Der Kaffee ist jetzt nicht mehr so heiss. Deshalb trinken sie einen Schluck.
Und der Müller stösst jetzt zum Kern vor, also zum Todesfall Sandra: «Wer könnte das getan haben?»
Hauser: «Keine Ahnung. Da ist doch so wenig Geld drin, dass niemand auf die Idee käme, aus finanziellen Gründen einen Mord zu vollbringen. Ich bin ratlos.»
Und der Müller denkt: Ich auch.
Aber er lässt sich nichts anmerken, weil vielleicht denkt er: a) Wir, die Polizei, ist stark und muss Bild so abgeben, und b) Aus Erfahrung wissen wir: Die Nebel werden sich lichten, und die Wahrheit wird obenaus triumphieren, und die goldene Sonne wird leuchten und das Verbrechen sterben und die böse Hand verdorren und die lügnerische Zunge absterben und ein Blitz vom Himmel fahren namens Paragraf, und er wird in den Übeltäter fahren, und dann eine Gefängnisstrafe so was von drakonisch. Und das Verbrechen wird laut jaulend seinen Griff um unsere Stadt Zürich lösen und lockern und sich verkrümeln müssen. Vollkommen im Futur. Denn wer etwas Böses tut, wird bestraft. Und wer nichts tut, wird nicht bestraft.

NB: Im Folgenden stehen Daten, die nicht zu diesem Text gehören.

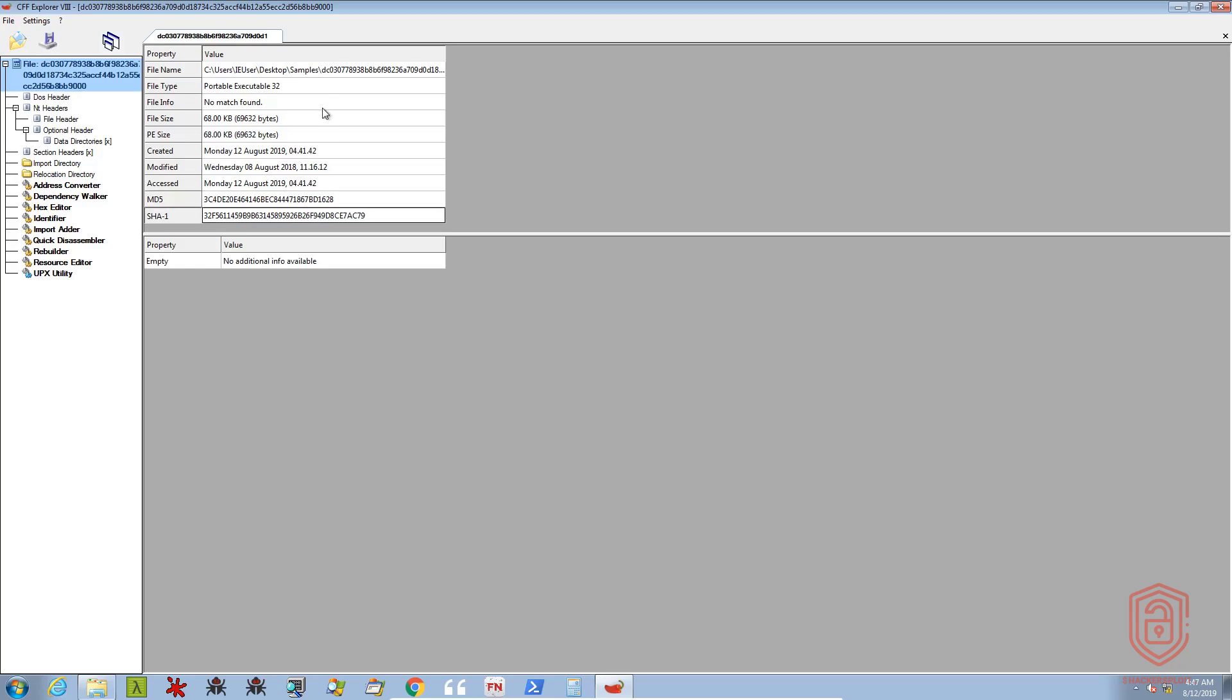So that is pretty much how to perform file type identification, very simple stuff, but very important as you can probably tell.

Und der Müller jetzt verbal: «Danke für den Kaffee, ich melde mich vermutlich wieder», und «danke für die Informationen.»
Und Hauser: «Keine Ursache, Müller.»
Weil ist innerlich schon etwas geehrt, dass er so wichtig, dass der Polizeimann (?) Expertenauskunft bei ihm anzapft.
Obwohl, da war der Müller Korrektheit in Person: Hat den Dienstausweis nicht gezeigt, weil, du weisst, nicht im Dienst, sondern beurlaubt, Waffengebrauch, Todesfolge … Und Michael Hauser schaut gerade komisch, weil der Müller wohl gerade bei diesem kurzen FLASHBACK seltsam geguckt hat.
«Tschüss», sagen beide, und trotzdem per Du, weil der Müller obwohl Polizei recht nett und jung geblieben und normale Sprache und keineswegs versucht, Jugendjargon oder Rock ’n’ Roll-Dialekt zu sprechen, sondern normal, und das kommt immer gut, so dem Müller seine Erfahrung. Deshalb das «Du», weil so etwas wie Vertrauensverhältnis aufbauen. Damit Resultate. Damit auch die Kultur nicht in Angst und Schrecken leben muss, weil vielleicht – nur Arbeitshypothese, aber in Ermangelung härterer Fakten oder auch nur stichhaltigerer Indizien – ein verrückter Kulturserienmörder umgeht und alle Rocksängerinnen, Bluesgitarristen, Musikjournalisten, Rockmanager, Plattenfirmen bedroht. Klar, ziemlich extreme Arbeitshypothese, weil erst ein Todesfall. Aber meistens kommt es noch schlimmer, wenn es einmal angefangen hat. Da kann so ein verrückter Kulturserienmörder eine ganze Lawine lostreten, metaphorisch und bildlich gesagt, und niemand wagt es mehr, die Gitarre in die Hand zu nehmen. Das wäre schon etwas schade fürs Königreich Rock ’n’ Roll und fürs wahre Leben, auch wenn nicht viel Geld im Spiel ist.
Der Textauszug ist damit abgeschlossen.